TASK PROMPT:
Please retype the data that follows, starting at the line containing "Profile image of 桂小太郎" and stopping after the last line.

[Stored items from a collection]

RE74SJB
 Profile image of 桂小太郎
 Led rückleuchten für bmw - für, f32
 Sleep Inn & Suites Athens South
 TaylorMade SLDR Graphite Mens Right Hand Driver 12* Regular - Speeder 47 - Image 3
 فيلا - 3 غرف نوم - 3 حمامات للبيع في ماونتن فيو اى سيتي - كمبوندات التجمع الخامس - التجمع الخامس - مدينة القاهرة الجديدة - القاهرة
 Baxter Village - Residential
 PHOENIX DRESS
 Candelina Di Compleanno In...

YOUR RESPONSE:
 Profile image of 桂小太郎
 Led rückleuchten für bmw - für, f32
 Sleep Inn & Suites Athens South
 TaylorMade SLDR Graphite Mens Right Hand Driver 12* Regular - Speeder 47 - Image 3
 فيلا - 3 غرف نوم - 3 حمامات للبيع في ماونتن فيو اى سيتي - كمبوندات التجمع الخامس - التجمع الخامس - مدينة القاهرة الجديدة - القاهرة
 Baxter Village - Residential
 PHOENIX DRESS
 Candelina Di Compleanno In...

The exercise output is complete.